→ **TRY IT**
Could you write out exactly, and only, the lines from the one containing "Lastbil med flak" through the last line of the data, leaving out all pictures?

START RECORDS

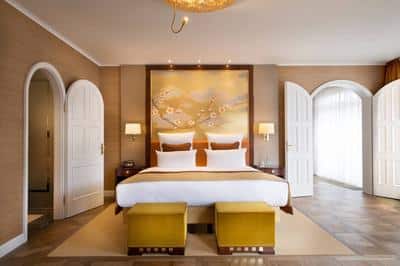 Penthouse Suites Combi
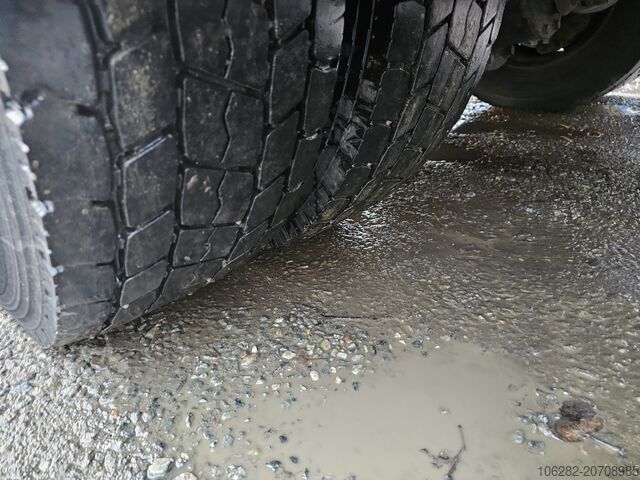 Lastbil med flak Volvo FL 240 4x2 16tons Seitentüren Koff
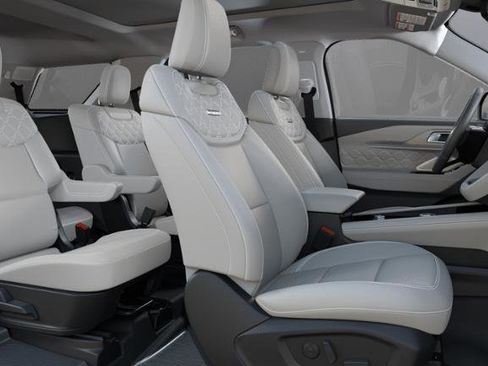 New 2025 Ford Explorer Platinum w/ Ultimate Package image 39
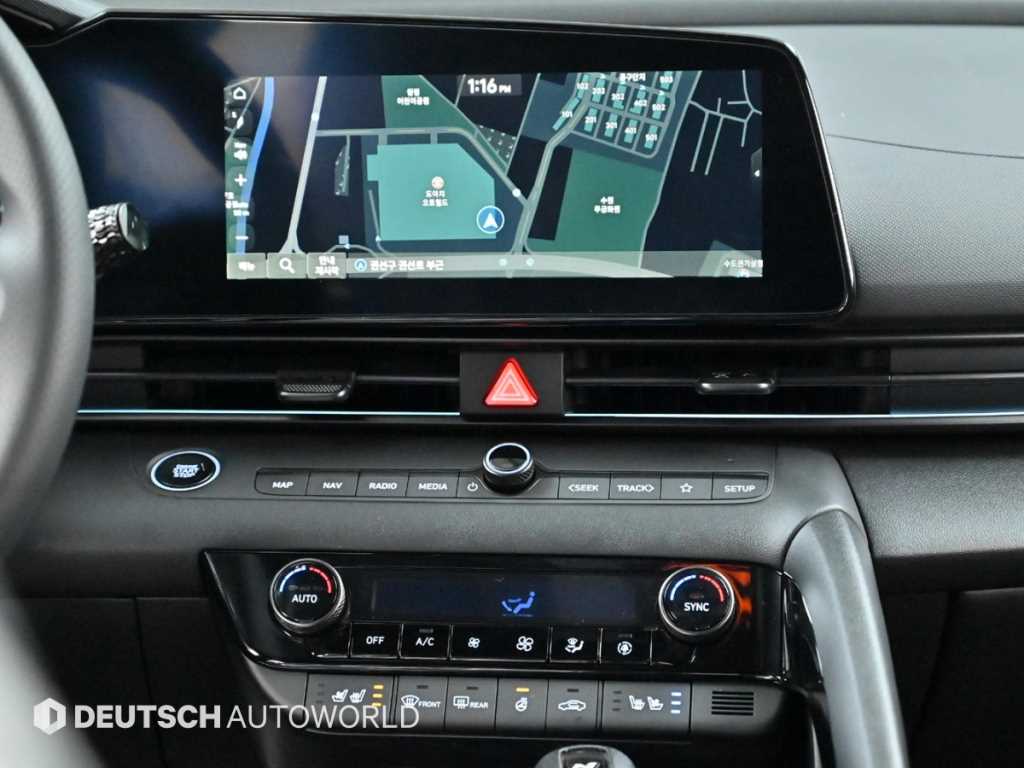 HYUNDAI Avante - Vista 7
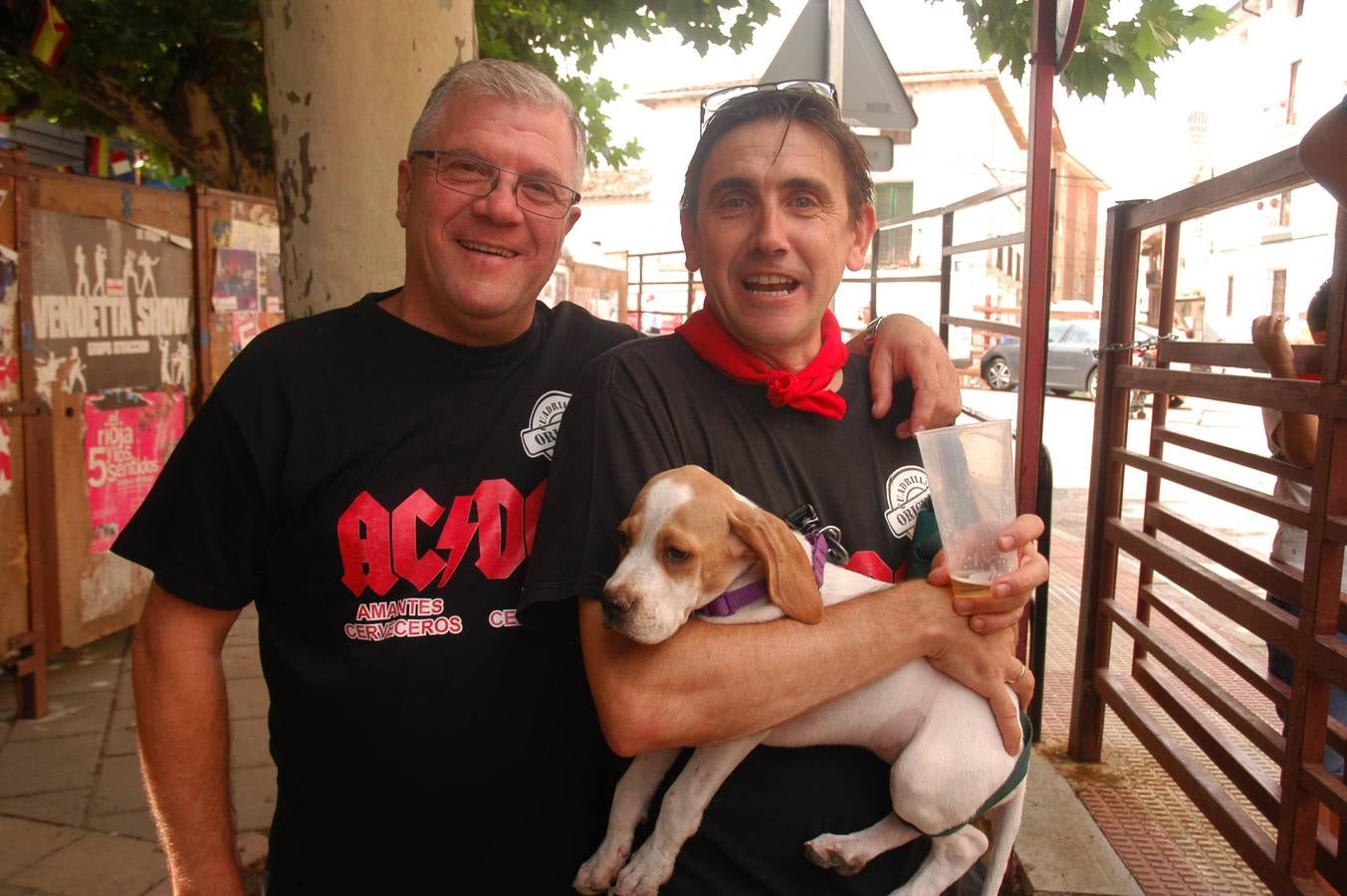 Los habitantes de la localidad empiezan las celebraciones con el lanzamiento del cohete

END RECORDS

→ **COMPLETED TASK**
 Lastbil med flak Volvo FL 240 4x2 16tons Seitentüren Koff
 New 2025 Ford Explorer Platinum w/ Ultimate Package image 39
 HYUNDAI Avante - Vista 7
 Los habitantes de la localidad empiezan las celebraciones con el lanzamiento del cohete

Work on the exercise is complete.